** WHAT YOU HAVE TO DO **
Restate, exactly as written, the entries below from the line that holds "2-к квартира, на" through the line that holds "Foto 8 - Villa Colonnella - foto 8". Pictures are not part of the copy.

Collected data entries:
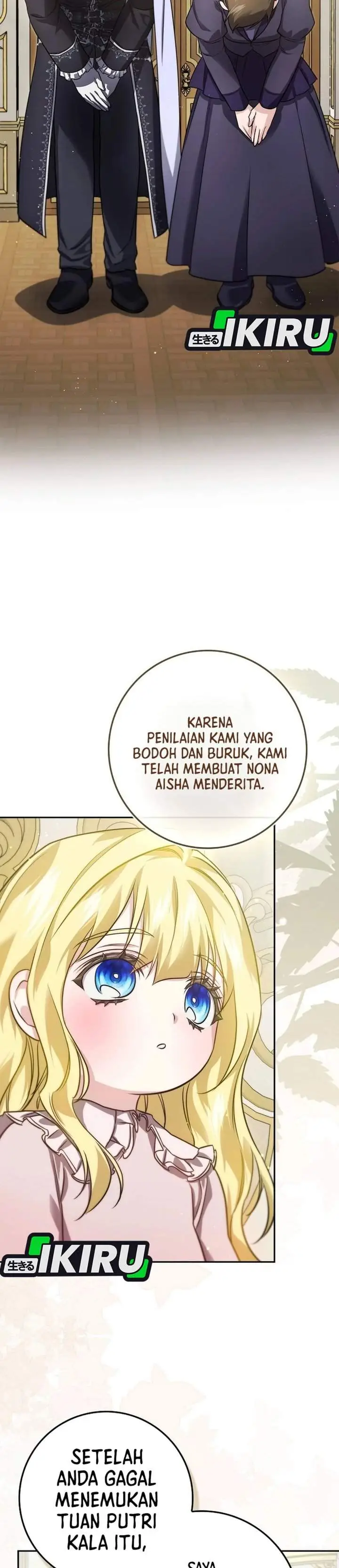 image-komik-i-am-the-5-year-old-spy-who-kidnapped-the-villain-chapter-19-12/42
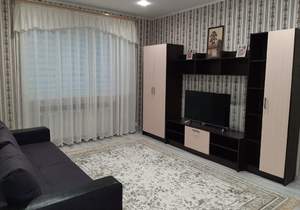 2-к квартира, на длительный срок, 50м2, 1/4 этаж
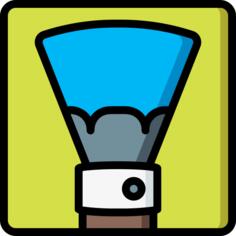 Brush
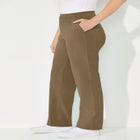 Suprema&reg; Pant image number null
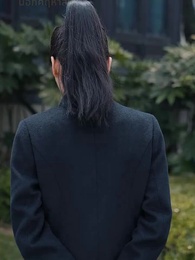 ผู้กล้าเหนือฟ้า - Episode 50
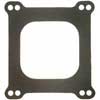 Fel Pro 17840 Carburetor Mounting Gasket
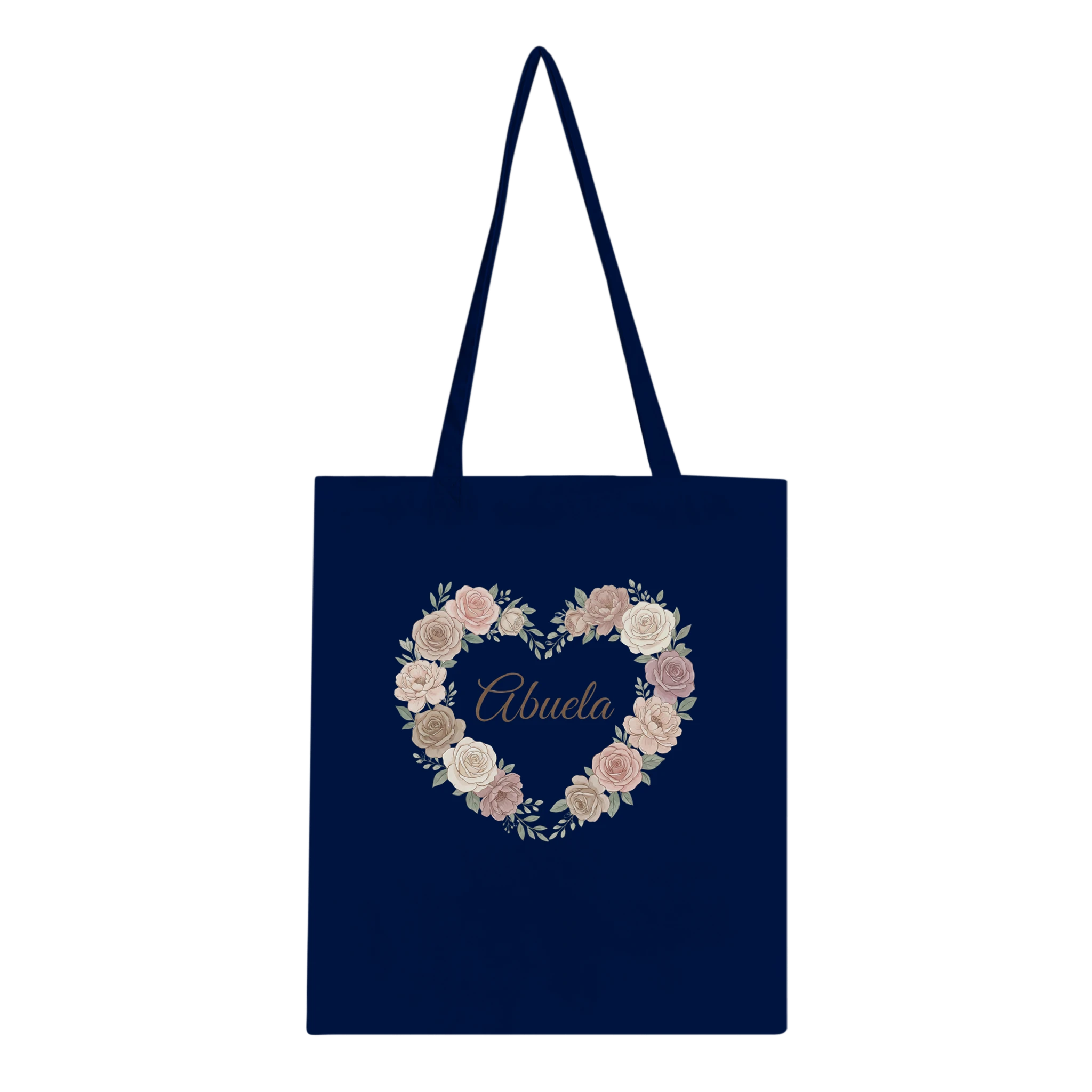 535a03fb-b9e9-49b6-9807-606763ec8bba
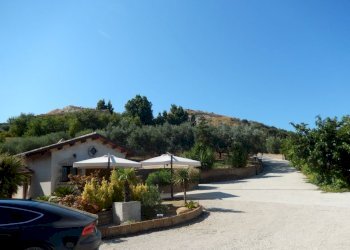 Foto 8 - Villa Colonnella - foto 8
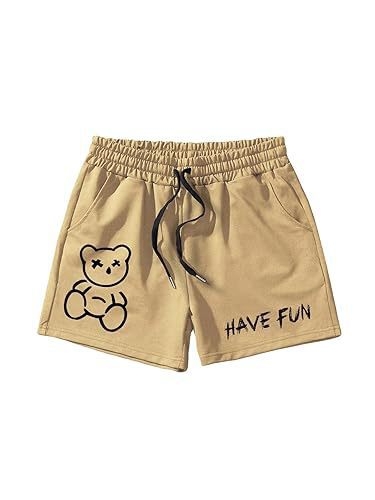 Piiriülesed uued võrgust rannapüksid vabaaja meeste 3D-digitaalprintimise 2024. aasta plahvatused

** FINISHED TASK **
 2-к квартира, на длительный срок, 50м2, 1/4 этаж
 Brush
 Suprema&reg; Pant image number null
 ผู้กล้าเหนือฟ้า - Episode 50
 Fel Pro 17840 Carburetor Mounting Gasket
 535a03fb-b9e9-49b6-9807-606763ec8bba
 Foto 8 - Villa Colonnella - foto 8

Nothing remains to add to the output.